━━ Data to use

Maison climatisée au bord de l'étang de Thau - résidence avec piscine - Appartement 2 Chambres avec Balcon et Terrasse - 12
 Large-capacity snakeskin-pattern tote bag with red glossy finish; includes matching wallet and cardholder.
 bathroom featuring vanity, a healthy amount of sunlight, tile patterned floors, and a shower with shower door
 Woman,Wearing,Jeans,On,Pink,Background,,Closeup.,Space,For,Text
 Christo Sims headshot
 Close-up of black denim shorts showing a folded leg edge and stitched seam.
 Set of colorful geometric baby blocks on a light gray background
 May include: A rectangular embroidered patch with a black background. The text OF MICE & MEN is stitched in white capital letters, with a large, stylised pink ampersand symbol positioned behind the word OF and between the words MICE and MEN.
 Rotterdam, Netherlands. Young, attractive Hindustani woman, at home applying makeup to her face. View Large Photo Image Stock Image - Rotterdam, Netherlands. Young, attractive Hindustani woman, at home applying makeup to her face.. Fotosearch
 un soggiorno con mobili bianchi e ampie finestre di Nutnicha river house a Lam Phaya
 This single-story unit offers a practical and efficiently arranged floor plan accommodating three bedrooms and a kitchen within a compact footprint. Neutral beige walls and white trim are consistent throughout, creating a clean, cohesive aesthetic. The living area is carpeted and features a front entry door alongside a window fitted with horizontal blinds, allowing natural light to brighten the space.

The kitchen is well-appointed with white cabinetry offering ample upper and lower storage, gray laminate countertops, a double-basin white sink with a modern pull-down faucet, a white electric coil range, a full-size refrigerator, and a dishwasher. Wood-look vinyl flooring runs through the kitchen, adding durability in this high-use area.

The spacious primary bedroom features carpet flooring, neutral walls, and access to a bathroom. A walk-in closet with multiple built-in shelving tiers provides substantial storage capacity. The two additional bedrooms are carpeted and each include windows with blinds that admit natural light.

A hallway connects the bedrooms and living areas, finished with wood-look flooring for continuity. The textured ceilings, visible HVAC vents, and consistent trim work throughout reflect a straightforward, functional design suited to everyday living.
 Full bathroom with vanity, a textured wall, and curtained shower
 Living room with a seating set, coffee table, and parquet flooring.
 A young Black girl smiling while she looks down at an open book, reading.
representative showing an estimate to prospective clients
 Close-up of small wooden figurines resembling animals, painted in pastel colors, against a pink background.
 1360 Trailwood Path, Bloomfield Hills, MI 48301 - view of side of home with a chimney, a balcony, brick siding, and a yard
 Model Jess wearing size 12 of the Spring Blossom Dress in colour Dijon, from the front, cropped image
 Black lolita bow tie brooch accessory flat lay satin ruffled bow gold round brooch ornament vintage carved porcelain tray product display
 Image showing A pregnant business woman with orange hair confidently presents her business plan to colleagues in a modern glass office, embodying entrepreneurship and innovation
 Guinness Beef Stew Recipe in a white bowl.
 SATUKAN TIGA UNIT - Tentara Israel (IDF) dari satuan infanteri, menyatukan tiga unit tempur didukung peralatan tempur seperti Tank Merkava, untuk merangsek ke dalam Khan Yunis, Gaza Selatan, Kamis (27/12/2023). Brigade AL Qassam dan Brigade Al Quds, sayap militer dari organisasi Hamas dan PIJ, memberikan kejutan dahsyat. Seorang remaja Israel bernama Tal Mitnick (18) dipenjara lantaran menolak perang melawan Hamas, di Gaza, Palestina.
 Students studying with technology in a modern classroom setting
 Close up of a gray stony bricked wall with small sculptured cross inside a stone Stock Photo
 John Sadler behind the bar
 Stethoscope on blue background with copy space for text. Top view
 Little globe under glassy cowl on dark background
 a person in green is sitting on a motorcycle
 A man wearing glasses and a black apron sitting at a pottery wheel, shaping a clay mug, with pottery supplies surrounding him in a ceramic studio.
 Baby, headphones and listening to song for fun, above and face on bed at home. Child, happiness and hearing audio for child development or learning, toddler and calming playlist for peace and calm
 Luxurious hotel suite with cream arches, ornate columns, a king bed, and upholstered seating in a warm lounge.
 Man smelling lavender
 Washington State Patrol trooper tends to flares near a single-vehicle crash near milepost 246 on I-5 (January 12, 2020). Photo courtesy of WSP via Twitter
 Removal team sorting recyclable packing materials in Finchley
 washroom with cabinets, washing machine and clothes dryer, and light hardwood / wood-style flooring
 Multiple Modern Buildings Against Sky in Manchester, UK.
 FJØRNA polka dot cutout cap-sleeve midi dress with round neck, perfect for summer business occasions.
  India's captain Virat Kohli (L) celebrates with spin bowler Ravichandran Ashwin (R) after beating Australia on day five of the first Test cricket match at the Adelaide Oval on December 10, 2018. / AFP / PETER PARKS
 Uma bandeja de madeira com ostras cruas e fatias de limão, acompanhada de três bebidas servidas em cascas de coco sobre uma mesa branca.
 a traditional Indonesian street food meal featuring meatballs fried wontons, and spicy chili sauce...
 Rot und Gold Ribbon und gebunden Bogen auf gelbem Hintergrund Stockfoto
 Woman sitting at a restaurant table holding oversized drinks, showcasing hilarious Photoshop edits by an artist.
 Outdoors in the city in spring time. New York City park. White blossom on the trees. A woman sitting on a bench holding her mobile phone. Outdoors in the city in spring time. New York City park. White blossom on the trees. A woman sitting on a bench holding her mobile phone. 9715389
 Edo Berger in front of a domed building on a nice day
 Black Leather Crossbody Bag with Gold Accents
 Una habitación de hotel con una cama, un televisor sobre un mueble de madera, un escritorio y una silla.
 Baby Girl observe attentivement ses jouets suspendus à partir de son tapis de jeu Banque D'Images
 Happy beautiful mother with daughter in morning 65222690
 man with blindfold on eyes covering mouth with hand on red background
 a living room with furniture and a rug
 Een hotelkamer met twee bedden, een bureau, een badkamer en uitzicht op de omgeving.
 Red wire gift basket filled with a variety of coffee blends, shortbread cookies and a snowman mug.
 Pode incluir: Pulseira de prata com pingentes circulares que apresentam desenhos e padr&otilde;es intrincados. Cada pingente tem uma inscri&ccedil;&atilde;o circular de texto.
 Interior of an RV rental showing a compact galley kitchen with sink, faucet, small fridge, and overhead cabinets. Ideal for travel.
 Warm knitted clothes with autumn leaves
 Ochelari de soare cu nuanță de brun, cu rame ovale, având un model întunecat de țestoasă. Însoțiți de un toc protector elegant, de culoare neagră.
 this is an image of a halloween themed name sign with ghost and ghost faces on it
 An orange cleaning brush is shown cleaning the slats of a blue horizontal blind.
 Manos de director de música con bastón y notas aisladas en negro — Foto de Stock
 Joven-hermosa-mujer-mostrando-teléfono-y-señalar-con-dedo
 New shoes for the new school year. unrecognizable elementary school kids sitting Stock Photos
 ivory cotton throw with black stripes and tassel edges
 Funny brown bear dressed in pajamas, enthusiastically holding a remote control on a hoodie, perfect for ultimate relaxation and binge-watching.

━━━━

**Your goal**:
Once you have identified the lines above that contain "coffee", copy each of them.

**Solution to the exercise**:
 Living room with a seating set, coffee table, and parquet flooring.
 Red wire gift basket filled with a variety of coffee blends, shortbread cookies and a snowman mug.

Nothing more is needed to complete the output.